Comments and Context
As Minister to the Ottoman Empire, Oscar S. Straus was influential in persuading Turkish leaders to, in turn, persuade rebel Muslims in the Philippines not to actively join the native rebels then resisting United States occupation subsequent to the Spanish-American War. With that diplomatic success to his credit, he was appointed to be a member of the International Court of Arbitration at Hague upon the death of former President Benjamin Harrison.

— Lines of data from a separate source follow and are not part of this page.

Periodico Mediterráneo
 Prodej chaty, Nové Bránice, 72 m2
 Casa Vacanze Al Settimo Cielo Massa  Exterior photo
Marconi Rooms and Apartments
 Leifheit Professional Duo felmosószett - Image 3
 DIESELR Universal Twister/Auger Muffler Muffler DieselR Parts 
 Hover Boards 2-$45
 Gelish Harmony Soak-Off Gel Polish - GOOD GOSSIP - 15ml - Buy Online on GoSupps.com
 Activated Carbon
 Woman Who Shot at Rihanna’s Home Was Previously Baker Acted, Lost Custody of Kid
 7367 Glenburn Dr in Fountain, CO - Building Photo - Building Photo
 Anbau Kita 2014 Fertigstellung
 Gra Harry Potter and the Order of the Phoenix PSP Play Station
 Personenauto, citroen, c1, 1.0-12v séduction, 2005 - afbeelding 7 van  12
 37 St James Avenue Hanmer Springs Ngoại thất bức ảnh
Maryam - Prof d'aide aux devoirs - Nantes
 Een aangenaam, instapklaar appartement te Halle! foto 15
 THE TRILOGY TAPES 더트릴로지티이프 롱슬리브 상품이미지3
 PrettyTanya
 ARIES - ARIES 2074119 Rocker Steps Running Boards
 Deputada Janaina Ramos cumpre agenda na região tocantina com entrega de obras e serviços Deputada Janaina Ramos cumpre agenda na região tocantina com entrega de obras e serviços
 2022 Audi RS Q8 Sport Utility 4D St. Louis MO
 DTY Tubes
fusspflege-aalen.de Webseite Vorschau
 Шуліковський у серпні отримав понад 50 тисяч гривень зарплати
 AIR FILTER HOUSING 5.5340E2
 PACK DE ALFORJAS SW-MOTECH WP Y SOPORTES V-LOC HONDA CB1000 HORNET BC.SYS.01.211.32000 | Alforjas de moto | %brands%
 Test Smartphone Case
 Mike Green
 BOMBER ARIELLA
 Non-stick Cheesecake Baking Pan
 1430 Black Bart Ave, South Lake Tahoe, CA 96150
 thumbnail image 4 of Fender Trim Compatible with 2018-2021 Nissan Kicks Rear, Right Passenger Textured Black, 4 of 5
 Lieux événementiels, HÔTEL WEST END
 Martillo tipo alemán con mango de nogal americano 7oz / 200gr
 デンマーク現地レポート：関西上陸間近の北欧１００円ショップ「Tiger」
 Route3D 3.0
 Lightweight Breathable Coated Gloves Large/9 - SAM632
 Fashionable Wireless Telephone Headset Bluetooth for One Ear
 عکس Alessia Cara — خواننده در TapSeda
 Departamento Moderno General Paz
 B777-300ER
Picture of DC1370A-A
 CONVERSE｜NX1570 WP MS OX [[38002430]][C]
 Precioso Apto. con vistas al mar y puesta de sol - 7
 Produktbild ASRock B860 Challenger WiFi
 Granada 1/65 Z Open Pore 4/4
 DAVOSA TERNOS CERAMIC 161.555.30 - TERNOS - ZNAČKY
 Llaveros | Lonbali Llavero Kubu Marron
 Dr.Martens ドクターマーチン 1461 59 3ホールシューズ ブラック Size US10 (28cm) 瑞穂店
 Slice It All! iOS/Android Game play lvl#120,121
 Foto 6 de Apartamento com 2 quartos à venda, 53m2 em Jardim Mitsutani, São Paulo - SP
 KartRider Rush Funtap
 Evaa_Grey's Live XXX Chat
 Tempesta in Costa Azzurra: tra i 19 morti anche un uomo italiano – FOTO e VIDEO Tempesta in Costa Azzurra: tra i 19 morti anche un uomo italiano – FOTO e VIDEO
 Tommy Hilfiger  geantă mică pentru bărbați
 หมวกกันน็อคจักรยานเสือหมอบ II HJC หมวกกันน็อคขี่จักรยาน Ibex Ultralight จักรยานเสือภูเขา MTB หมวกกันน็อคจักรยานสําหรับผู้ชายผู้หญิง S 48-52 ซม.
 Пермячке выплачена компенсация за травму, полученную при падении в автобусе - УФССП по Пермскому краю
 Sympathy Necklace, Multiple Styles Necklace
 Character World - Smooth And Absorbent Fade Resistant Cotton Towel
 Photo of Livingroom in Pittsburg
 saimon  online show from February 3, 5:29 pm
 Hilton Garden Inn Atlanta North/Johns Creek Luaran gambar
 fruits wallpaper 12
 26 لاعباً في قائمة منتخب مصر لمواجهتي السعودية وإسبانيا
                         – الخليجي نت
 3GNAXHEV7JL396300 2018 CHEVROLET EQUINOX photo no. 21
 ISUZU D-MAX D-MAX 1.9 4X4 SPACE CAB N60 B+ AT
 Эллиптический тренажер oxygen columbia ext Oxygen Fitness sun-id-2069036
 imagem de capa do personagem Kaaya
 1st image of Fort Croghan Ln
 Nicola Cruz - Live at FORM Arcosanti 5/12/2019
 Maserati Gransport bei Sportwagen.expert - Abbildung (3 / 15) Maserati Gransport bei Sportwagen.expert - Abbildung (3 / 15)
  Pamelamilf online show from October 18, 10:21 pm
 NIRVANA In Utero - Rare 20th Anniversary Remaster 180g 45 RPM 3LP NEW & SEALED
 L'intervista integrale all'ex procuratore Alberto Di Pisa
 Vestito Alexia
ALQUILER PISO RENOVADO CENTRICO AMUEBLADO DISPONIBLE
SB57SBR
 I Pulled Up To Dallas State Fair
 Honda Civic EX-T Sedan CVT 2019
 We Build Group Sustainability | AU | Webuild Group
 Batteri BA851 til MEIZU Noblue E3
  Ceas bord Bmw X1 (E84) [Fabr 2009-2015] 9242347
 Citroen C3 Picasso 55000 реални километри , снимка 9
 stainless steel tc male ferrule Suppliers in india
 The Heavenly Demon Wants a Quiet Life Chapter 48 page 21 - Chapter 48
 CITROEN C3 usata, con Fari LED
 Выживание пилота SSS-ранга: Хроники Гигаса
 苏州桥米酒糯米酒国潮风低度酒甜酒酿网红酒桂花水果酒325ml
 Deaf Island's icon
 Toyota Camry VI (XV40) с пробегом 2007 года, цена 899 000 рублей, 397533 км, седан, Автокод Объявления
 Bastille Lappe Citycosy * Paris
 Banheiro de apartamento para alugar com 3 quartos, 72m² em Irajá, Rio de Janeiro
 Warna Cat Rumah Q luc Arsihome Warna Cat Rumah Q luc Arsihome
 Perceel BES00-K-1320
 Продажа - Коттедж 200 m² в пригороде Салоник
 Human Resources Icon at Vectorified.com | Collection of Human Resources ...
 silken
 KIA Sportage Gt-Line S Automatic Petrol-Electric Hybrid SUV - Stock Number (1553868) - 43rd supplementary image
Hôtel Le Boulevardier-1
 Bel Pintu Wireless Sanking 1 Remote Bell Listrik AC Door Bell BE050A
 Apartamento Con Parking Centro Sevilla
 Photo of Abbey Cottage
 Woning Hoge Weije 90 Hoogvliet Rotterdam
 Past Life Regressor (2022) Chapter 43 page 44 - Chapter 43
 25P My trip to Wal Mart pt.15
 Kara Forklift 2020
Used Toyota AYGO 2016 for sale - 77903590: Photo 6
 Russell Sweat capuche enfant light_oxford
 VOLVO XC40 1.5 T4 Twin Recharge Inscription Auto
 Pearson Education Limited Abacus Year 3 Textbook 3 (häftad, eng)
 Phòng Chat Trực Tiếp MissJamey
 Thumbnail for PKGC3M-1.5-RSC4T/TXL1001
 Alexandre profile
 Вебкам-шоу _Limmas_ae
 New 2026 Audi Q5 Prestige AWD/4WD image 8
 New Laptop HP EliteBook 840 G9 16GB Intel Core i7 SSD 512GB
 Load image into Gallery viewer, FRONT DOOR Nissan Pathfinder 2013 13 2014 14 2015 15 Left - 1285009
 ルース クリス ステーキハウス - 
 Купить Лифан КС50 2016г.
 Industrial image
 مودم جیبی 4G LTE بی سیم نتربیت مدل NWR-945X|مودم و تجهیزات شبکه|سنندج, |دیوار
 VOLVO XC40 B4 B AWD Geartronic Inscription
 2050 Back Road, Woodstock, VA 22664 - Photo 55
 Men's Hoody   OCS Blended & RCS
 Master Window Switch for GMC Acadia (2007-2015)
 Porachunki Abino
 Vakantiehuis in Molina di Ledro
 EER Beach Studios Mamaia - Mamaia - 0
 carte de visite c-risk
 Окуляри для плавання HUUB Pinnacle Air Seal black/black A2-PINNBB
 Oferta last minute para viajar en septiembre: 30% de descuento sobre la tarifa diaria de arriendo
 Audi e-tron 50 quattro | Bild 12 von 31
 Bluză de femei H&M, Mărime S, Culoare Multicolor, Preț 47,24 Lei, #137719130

Marcus Alonzo Hanna, Chairman of the Republic Party, spokesman for the party’s business interests, and nemesis of American organized labor (due in part to scabrous cartoon caricatures), tries unsuccessfully with Straus in this cartoon to delete strike provisions from arbitration treaties. In 1906 President Theodore Roosevelt appointed Straus Secretary of Commerce and Labor, the first Jew to be a cabinet secretary. Subsequently, President William Howard Taft returned him ministerial duties in Turkey. Straus’s brother Isadore perished on the Titanic; Isadore another brother Nathan owned Macy’s and Abraham & Straus department stores; Nathan, Jr., became owner of Puck Magazine in 1914, and before World War II was a friend of Otto Frank, father of Anne Frank. A great-nephew, R. Peter Straus, owned New York radio station WMCA and the publishing house Farrar, Strauss, and Giroux, whose son, R. Peter, Jr., married the mother of Monica Lewinsky.